Besançon (AFP) – Un lynx inerte, parfois ensanglanté, au bord de la route: pour ne plus revoir cette triste image et enrayer l’hécatombe des félins déjà tués sur les routes en 2024, le village de Sombacour (Doubs) mise sur les panneaux « Attention lynx! ».
Sur les routes du village situé au pied du Mont-Calvaire et environné d’épaisses forêts, trois lynx ont été tués en deux ans, dont le dernier en mars.
« C’est probablement la mère qui a été tuée l’année dernière, et ses deux petits par la suite », présume Frédéric Toubin, maire délégué de Sombacour qui a récemment rejoint la commune nouvelle de Val d’Usiers.
Les habitants ont « une bonne opinion de ces animaux, personne n’a envie de les tuer », confie l’édile, qui a fait installer jeudi quatre nouveaux panneaux « Attention lynx ! » sur les routes de sa commune pour « inciter les gens à la prudence ».

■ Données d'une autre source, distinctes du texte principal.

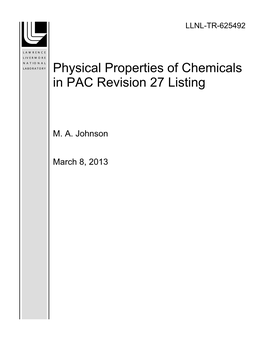 Physical Properties of Chemicals in PAC Revision 27 Listing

Au centre des panneaux triangulaires en métal réfléchissant, bordés de rouge, l’automobiliste distingue nettement la silhouette noire d’un lynx adulte, suivi de son petit.
Cette signalisation a été pensée et conçue par le Centre Athénas, spécialisé dans la sauvegarde de l’espèce, classée « en danger » sur la « liste rouge » française des espèces menacées d’extinction de l’Union mondiale pour la nature.
Pour lutter contre les collisions mortelles qui menacent le félin tacheté aux longues oreilles en pinceau, l’association jurassienne a ainsi distribué ses panneaux à plus d’une trentaine de communes volontaires et espère en sensibiliser davantage.
« Mortalité inédite » –
Dans le Doubs et le Jura, où vivent plus de 80% des 150 spécimens adultes recensés en France, 13 lynx ont déjà été victimes de collisions en 2024.
C’est « un niveau de mortalité complètement inédit », déplore le directeur de la structure, Gilles Moyne. A titre de comparaison, l’association avait comptabilisé « 16 individus tués sur les routes au total en 2023 et 25 en 2022 ».
Les collisions représentent en effet « une des principales, sinon la première », cause de mortalité de l’espèce en France, relève le Plan national d’action (PNA) en faveur du lynx lancé par le ministère de la Transition écologique pour la période 2022-2026.
[À lire aussi Le retour du chat forestier en Île-de-France, une bonne nouvelle pour la biodiversité]
Le PNA prévoit notamment de « favoriser les échanges entre les populations de lynx et réduire la mortalité liée aux collisions ».
« La circulation routière augmente de 2 à 3% par an sur le réseau de Bourgogne-Franche-Comté (et) à Sombacour, comme sur d’autres foyers accidentogènes, on a un réseau routier très dense, qui coupe la continuité forestière, avec de nombreux travailleurs frontaliers » qui circulent vers la Suisse, constate M. Moyne. « Le principal levier, c’est l’usager de la route », selon lui.
« Cette signalétique routière a été mise en œuvre à grande échelle en Espagne et elle a fonctionné, les collisions ont diminué », assure-t-il.
« Protection de l’espèce » –
Le défenseur du plus grand félin sauvage d’Europe regrette le rehaussement de la limitation de vitesse de 80 à 90 kmh sur de nombreux axes du Doubs et du Jura: « c’est un mauvais signal envoyé aux automobilistes ».
« Personne n’est à l’abri d’un accident avec un lynx, mais on peut s’arrêter et le signaler », ajoute-t-il, constatant que c’est rarement le cas, par « culpabilité ou indifférence totale ».
La démarche du Centre Athénas se heurte néanmoins à l’impossibilité d’installer ces panneaux, non homologués, sur les routes départementales et nationales, en dehors de l’emprise des communes.
Chargé de la mise en place des panneaux, le garde privé de Sombacour, Yannick Chevalet, a donc pris soin de les installer sur le territoire de la commune, dont le souhait est « d’oeuvrer à la protection de l’espèce ».
Mais, malgré sa discrétion, le lynx a aussi ses détracteurs, regrette Gilles Moyne: « des activistes anti-prédateurs détruisent parfois les panneaux que nous offrons aux communes, comme sur la commune de Chenecey-Buillon (Doubs) et d’Onoz (Jura) où plusieurs ont été cassés, démontés ou volés ».
Les lynx sont parfois la cible de chasseurs qui lui reprochent la concurrence qu’il leur ferait subir pour le gibier. L’animal, réintroduit en France d’où il avait disparu au début du XXe siècle, s’attaque rarement aux troupeaux.